Tommy Smith was very interested in this story which the rook told him, and he was just going to ask where it all happened, and whether it was near where he lived or a long way away, when the rook said, "Well, I must be flapping" (just as an old gentleman might say, "Well, I must be jogging"); "there is a meeting this afternoon which I ought to attend."
"A meeting!" Tommy Smith said, feeling quite surprised.
"Certainly," replied the rook. "Why not? I belong to a civilised community, so, of course, there are meetings. I should be sorry not to go to some of them."
It seemed very funny to Tommy Smith that birds should have meetings as well as men. "But, perhaps," he thought, "it is not quite the same kind of thing." Only he didn't like to say this, in case the rook should be offended, so he only asked, "What sort of a meeting is it that you are going to, Mr. Rook?"
"A very important one," the rook answered. "It is a meeting to try someone who is accused of having done something wrong."
"Why, then, it is a trial," said Tommy Smith. "But do rooks have trials?"
"Of course," said the rook. "Have I not just said that we are a civilised community? We are not wild birds. Amongst civilised people, when someone is accused of doing wrong, he is tried for it, is he not?"
"Oh yes!" said Tommy Smith. "If he is a man, he is."
"If he is a man, men try him," said the rook; "but if he is a rook, rooks do."
"But what do you do if you find him guilty?" said Tommy Smith.
"Why, we punish him, to be sure," said the rook; "and if he has been very wicked, we peck him to death."
"Oh, but that is very cruel," said Tommy Smith. He forgot that he had seen innocent rooks shot without thinking it cruel at all.
"Not more cruel than hanging a man," the rook answered. "Do you think it is?" and Tommy Smith couldn't say that he did. He thought he would very much like to see this trial that the rook was going to. "Oh, Mr. Rook," he said, "do let me go with you." But the rook said, "Oh no! that would never do. No men are allowed at our trials. There are no rooks at yours, you know."

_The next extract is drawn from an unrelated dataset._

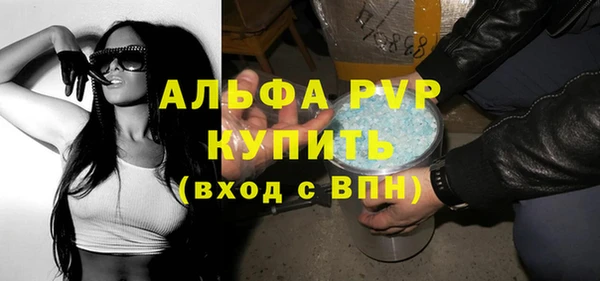 гидра Алексеевка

"No," said Tommy Smith; "but that is because—"
"Never mind why it is," interrupted the rook; "no doubt there is some good reason, and we have our reasons too. We could not try a rook properly if we thought a man was watching us. It would make us nervous. Sometimes (but not very often) a man has watched us without our knowing it, and then he has told everybody about our wonderful trials. But people have not believed him; and other men, who sit at home and see very little, and only believe what they see, have written to say it was all nonsense. But now, when they tell you it is all nonsense, you will not believe them, because a rook himself has told you it is all true."
"Oh yes, and I believe it," said Tommy Smith. "But do tell me what the rook you are going to try has done."
"I cannot tell you that till we have tried him," said the rook, "for perhaps it may not be true after all. As yet, I do not even know what he is accused of. Perhaps it is of stealing the sticks from another rook's nest to make his own with. Perhaps it is of something even worse than that. But this you may be sure of, that if we do peck him to death, it will be because he has behaved himself in a manner totally unworthy of a rook. Now I really must go, or I shall be late. Good-bye,—and, let me see, I think you promised never to throw stones at rooks again."
"Oh no!" said Tommy Smith, "I promise not to."
"Or to shoot us when you grow up," said the rook, just turning his head round as he was preparing to fly.
"Oh no! indeed, I won't," said Tommy Smith; and the rook flew away with a loud caw of pleasure.